The 1871 census return in full is:
RG10 Piece 4003 Folio 68 Page 36
181 Stretford Road, Hulme, Lancashire
Frederick Hullah Head Mar 39 Currier London, Middlesex
Alice (née Anderson) Wife Mar 40 Yorkshire, Ripon
Sarah Anderson Sister-in-Law Unm 42 Formerly Laundress Yorkshire, Ripon
George Anderson Nephew Unm 15 Currier apprentice Yorkshire, Ripon
I know that Alice and Sarah are sisters, and that Sarah never married. Sarah stayed with Alice and her husband, and both Alice and Sarah died within weeks of each other.
The census seems to indicate that George was possibly Sarah's illegitimate son, but on his marriage certificate to his second wife, Alice Foster, his father is down as Henry Anderson, Alice and Sarah's brother. It's a pity George's not on the 1861 census, unless I'm looking in the wrong place.
Henry married in 1854 - I have a copy of the certificate. However, his first child (if this wasn't George) wasn't born until 1859. That's quite a long gap, so it's entirely possible there were other earlier children, and possibly George was one of them. Could George have been farmed out because Henry and his wife couldn't afford to keep him?

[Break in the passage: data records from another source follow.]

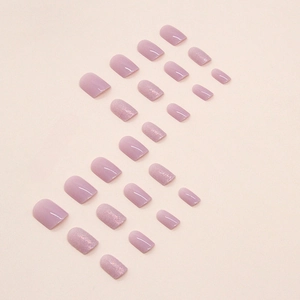 Short lavender purple gradient press-on nails with aurora glitter and a square oval shape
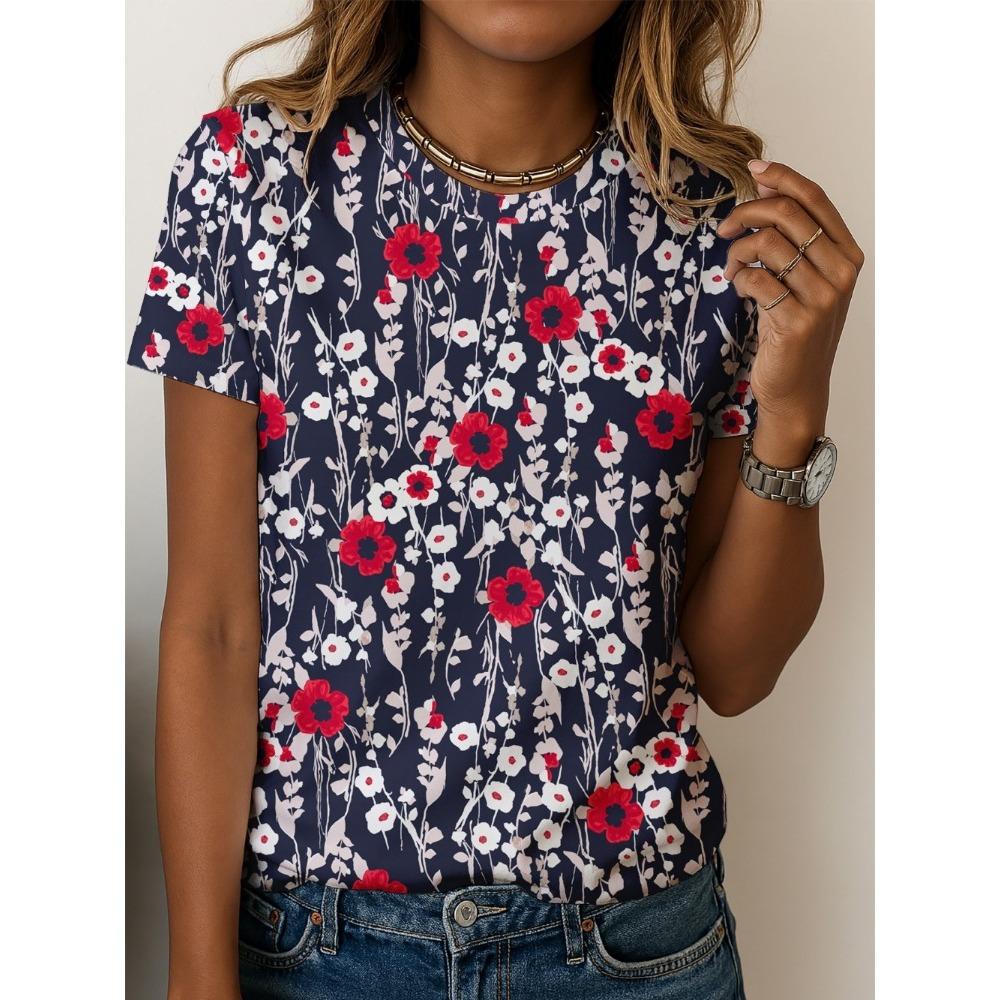 

Повседневная футболка с принтом растений в стиле ретро, женская футболка с круглым вырезом и короткими рукавами с цифровой печатью XXL синий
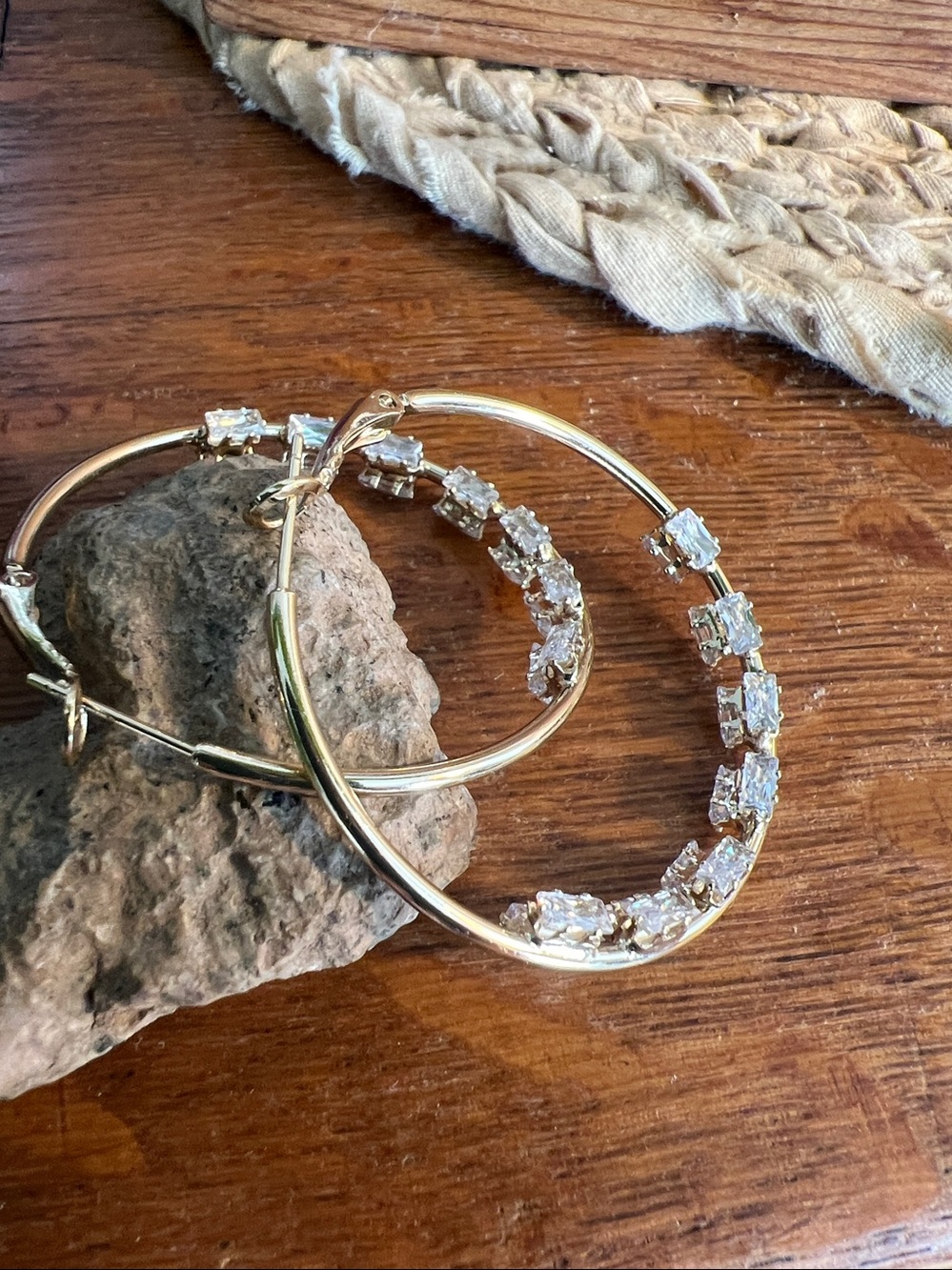 Crystal Hoop Earrings in Gold Tone Like New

As George was living in Hulme in 1871, but had moved back to Ripon by 1880, I could, I suppose, whittle down the 142 possible George Anderson marriages by only considering those in Lancashire and Yorkshire. That still leaves a lot, though. If we assume he married after the age of 18, we can whittle down the number a few more by only considering marriages between 1874 and 1880.

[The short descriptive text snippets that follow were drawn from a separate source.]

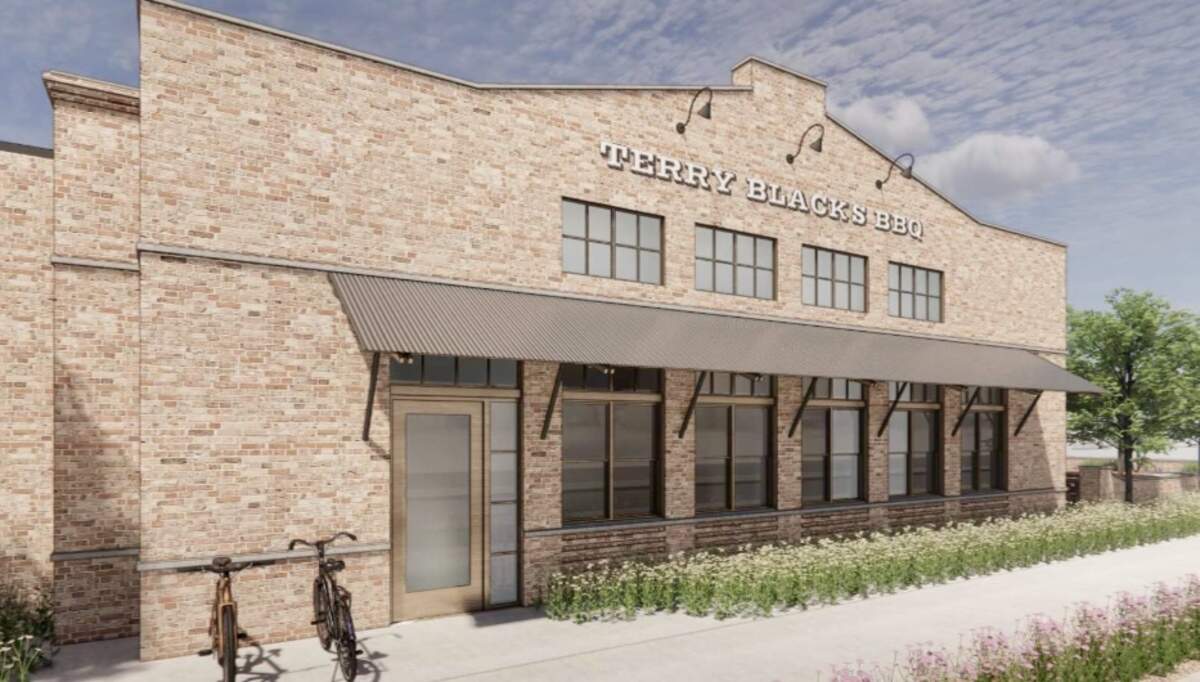 The view from West Seventh Street of the new Terry Black’s BBQ in west Fort Worth.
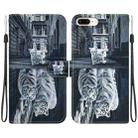 For iPhone 8 Plus / 7 Plus Crystal Texture Colored Drawing Leather Phone Case(Cat Tiger Reflection) - 1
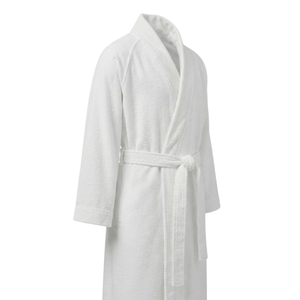 Robe longue en tissu éponge pour femmes, manches longues, col en V, couleur unie, 100% coton, style classique, lavable en machine, vêtements d'automne - Product Image 3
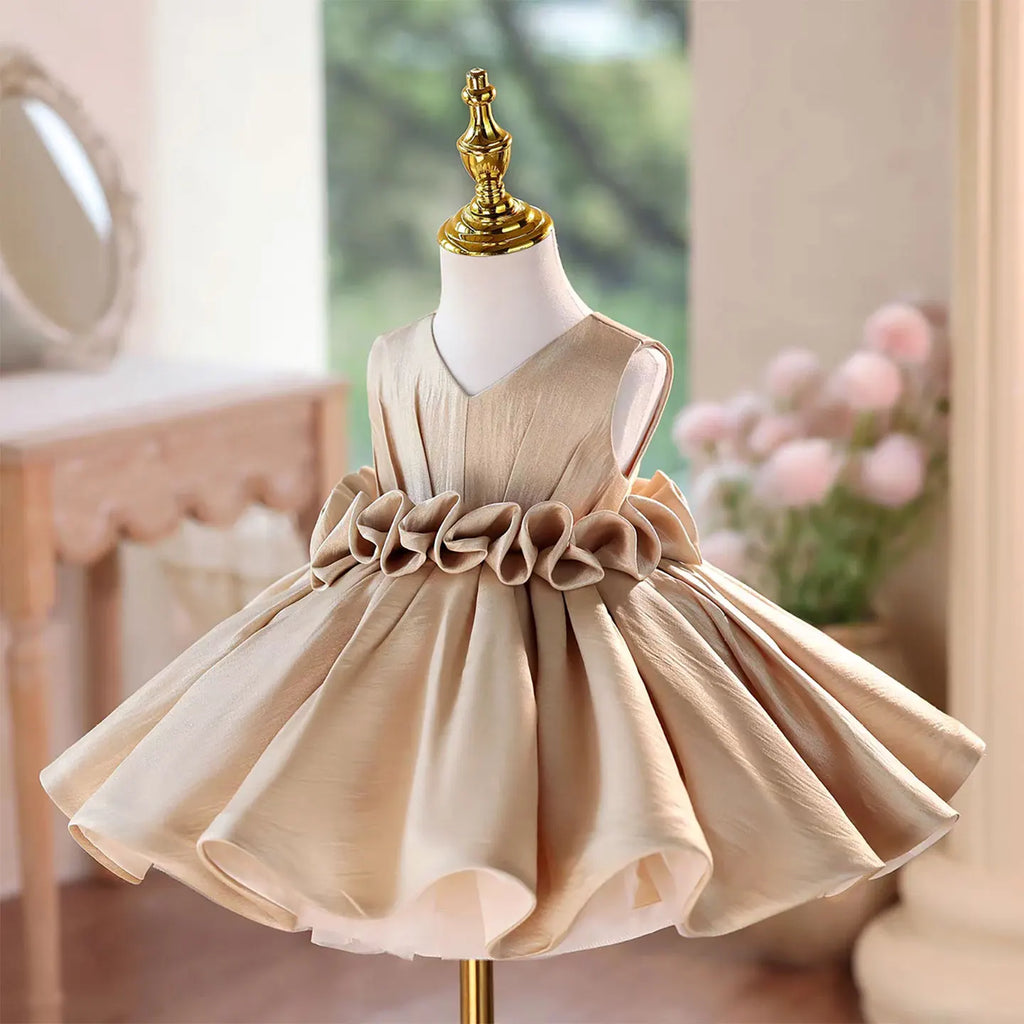 Dreamy Vow J460A Champagne Elegant Flower Girl Dress Satin Knee Length Children Wedding Birthday Holiday Party Pageant Dress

I though of looking for Anderson deaths, but there's an awful lot, so finding the right one is just as much a needle in a haystack.
On the website where you order the certificates, I've spotted that you can request look-ups to make sure that you get the certificate you want. Has anyone used this facility, and if so, what information is needed to make best use of it?
There is a marriage entry for George Henry Anderson in 1871 in Chorlton. Since this is the same district where his aunt's Alice and Sarah had their deaths registered, is this a reasonable possiblity, although George would have been only 16-17? Did people get married that young in the mid-late 1800s?